Barna poll: Gen Z is the most 'post-Christian' generation in US history
Americans born between 1999 and 2015, also known as Generation Z, are the least religious generation in the country's history, with many of them increasingly identifying as agnostic, atheist or not religiously unaffiliated.
A new survey conducted by the Barna Group has found that 35 percent of Generation Z teenagers claim to be atheist agnostic or unaffiliated with any religion compared to 30 percent of millennials, 30 percent of Generation X and 26 percent of Baby Boomers.
The Barna Group describes Generation Z as the first truly "post-Christian" generation, noting that many of them are not asserting a religious identity, more than any other generation before them.
The findings of the study revealed that twice as many Generation Z teenagers identify themselves as atheists, compared to the general population (13 percent against six percent of all adults).
Only 59 percent of Generation Z teenagers considered themselves Christian or Catholic, while 65 percent of millennials and Generation X, and 75 percent of Baby Boomers identified as some form of Christian.
The study noted that the percentage of people who hold a biblical worldview drops in each successively younger generation.
While nearly six in 10 of Generation Z teens identified as Christian, Barna found that only four percent held a "biblical worldview." By comparison, 10 percent of Baby Boomers, seven percent of Generation X and six percent of millennials have a biblical worldview.
Only 85 percent of Americans belonging to Generation Z believed that Jesus Christ was "a real person who was crucified by Rome and was actually physically raised from the dead."

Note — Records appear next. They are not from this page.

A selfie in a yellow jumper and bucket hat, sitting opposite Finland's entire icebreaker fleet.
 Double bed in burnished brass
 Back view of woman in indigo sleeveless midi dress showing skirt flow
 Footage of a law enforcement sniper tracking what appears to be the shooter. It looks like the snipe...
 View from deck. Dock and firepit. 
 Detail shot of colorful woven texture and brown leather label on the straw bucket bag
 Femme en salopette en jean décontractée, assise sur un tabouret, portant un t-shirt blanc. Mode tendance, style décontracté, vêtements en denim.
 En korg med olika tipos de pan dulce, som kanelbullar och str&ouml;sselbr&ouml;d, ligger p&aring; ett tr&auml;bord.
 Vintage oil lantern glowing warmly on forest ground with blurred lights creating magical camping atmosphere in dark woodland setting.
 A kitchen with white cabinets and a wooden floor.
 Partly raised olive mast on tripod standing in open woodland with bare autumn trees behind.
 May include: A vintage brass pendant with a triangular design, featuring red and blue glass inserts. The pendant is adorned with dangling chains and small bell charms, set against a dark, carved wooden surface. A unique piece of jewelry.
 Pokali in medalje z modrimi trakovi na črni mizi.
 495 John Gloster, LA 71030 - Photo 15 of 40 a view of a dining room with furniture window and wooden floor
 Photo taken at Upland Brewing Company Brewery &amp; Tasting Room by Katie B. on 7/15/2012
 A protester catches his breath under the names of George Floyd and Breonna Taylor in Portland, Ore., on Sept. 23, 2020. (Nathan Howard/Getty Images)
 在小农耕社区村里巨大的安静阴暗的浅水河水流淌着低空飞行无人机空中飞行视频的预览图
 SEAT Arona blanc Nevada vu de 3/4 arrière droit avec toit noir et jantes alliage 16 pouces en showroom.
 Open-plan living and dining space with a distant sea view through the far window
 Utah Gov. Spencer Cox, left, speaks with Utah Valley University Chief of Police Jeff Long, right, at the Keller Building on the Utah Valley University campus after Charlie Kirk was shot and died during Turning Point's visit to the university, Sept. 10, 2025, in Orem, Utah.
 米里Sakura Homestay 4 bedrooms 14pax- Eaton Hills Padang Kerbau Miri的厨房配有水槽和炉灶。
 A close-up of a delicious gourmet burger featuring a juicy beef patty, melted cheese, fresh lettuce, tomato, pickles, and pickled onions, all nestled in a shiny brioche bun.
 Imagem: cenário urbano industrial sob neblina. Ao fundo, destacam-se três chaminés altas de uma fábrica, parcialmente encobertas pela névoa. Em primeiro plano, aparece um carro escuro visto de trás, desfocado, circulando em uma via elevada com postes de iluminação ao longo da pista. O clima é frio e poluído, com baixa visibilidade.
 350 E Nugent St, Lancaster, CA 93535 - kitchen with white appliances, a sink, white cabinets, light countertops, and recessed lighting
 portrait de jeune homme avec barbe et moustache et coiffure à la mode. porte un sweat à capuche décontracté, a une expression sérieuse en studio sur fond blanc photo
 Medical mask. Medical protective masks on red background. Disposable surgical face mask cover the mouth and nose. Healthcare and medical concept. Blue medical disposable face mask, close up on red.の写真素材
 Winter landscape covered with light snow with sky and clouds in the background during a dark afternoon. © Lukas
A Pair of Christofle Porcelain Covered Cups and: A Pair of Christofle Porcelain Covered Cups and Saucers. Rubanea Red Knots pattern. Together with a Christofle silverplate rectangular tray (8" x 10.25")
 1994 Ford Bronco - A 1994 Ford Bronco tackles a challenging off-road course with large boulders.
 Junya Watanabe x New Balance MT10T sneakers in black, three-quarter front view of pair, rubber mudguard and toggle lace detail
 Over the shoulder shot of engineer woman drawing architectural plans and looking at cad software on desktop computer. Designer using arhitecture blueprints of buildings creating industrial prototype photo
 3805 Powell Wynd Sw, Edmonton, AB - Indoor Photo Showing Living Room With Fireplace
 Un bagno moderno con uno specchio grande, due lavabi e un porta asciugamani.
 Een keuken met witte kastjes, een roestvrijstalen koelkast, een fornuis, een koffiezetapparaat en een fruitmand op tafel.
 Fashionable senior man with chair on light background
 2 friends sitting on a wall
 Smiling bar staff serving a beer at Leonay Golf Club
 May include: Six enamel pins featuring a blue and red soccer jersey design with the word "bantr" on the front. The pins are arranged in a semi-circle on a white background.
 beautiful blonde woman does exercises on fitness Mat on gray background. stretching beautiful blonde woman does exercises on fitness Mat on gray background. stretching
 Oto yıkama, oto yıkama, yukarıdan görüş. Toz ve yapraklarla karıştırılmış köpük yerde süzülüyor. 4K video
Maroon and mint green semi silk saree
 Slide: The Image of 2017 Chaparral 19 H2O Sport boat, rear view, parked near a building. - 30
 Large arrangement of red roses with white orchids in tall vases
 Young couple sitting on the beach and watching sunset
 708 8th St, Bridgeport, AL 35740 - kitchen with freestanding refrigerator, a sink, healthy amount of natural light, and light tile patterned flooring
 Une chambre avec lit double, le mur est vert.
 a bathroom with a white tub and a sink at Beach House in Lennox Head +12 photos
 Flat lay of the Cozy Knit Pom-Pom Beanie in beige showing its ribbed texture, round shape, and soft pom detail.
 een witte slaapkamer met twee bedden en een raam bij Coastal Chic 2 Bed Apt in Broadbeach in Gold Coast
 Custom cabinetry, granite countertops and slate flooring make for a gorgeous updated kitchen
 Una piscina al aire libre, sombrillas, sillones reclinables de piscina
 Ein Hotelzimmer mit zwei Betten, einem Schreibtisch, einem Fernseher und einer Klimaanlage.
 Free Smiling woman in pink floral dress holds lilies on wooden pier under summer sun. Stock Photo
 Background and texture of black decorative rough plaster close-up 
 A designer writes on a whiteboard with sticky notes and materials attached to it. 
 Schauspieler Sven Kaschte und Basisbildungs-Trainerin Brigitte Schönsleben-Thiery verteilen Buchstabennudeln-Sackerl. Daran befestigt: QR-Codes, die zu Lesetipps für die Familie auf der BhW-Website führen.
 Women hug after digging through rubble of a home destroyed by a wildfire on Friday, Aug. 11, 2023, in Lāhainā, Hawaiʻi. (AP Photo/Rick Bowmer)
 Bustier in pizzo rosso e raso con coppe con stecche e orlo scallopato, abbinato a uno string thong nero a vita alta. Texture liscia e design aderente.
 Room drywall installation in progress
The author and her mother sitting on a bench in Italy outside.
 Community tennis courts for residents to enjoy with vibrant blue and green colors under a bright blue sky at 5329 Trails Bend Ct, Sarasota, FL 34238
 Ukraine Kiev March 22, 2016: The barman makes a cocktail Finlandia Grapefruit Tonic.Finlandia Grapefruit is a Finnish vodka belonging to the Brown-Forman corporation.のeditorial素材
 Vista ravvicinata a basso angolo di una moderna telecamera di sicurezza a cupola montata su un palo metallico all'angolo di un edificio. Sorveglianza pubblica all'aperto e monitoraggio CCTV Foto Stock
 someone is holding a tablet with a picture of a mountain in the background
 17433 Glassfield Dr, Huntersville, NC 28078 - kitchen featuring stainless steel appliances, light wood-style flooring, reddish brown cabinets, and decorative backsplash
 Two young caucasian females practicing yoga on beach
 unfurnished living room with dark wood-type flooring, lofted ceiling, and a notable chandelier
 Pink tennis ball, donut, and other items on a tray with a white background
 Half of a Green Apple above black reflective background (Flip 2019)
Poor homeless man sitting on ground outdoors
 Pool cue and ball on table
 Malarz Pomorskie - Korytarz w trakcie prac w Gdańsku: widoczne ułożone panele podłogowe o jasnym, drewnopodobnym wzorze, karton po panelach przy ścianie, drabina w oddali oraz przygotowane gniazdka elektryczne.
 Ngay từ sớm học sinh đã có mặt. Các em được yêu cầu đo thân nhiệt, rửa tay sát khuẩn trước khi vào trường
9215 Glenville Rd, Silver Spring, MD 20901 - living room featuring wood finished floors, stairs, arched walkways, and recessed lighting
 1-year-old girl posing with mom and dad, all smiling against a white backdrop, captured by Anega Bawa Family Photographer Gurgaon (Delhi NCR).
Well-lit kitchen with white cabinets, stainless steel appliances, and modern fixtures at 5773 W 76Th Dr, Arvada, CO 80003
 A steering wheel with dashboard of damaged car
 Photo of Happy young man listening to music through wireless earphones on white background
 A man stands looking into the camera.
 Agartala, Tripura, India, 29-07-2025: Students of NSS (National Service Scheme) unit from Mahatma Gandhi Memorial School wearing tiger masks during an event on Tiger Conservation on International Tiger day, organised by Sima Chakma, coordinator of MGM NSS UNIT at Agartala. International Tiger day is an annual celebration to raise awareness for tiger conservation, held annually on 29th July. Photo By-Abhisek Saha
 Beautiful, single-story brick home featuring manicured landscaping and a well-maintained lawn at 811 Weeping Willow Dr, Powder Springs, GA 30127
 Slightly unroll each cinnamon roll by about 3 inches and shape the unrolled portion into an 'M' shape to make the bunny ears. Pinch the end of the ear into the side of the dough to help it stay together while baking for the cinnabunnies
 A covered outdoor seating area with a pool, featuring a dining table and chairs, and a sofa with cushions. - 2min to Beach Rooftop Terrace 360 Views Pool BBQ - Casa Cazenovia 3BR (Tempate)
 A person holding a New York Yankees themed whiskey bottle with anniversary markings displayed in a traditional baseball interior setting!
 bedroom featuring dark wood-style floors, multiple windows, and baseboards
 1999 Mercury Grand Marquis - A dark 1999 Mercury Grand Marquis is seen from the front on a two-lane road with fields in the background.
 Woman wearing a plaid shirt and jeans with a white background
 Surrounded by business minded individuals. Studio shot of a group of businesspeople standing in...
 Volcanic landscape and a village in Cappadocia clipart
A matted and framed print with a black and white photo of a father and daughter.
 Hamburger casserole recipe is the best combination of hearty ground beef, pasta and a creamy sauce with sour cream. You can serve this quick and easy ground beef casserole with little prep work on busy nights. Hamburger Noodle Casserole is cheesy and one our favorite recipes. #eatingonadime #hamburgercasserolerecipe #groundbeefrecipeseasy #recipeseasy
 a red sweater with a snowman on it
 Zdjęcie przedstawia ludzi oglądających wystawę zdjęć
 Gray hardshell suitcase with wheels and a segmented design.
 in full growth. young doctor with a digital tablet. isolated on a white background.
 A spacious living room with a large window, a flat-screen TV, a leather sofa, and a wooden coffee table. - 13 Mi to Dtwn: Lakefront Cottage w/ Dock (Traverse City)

The findings also indicated that Generation Z teens are more likely to see science and the Bible as incompatible, compared to previous generations.
Only 28 percent of Generation Z teens believed that science and the Bible are complementary, while 45 percent of Boomers and 36 percent of Generation X respondents said the same.
Other findings revealed that Generation Z nonbelievers appear to be less likely than other non-Christian adults to cite Christians' hypocrisy as a barrier to belief. Twenty-three percent of Generation Z nonbelievers listed Christian hypocrisy as a barrier, while 31 percent of millennials and 25 percent of Boomers said the same.
"[Y]oung Christians are struggling as much as we have seen it in the 20-plus years I have been at Barna and in the 35-plus years of our company to understand how to live out their faith in an increasingly skeptical culture," Barna President David Kinnaman remarked during survey's rollout event at Grace Midtown Church in Atlanta.
"I think about what we might do to use discernment and I am asking you how it is in your church and your context, in your ministry could help kids [today] have a more robust experience of what it means to be Christian. We need to be thinking theologically. We need to challenge them. They are ready to be challenged more than the church is willing to challenge them," he added.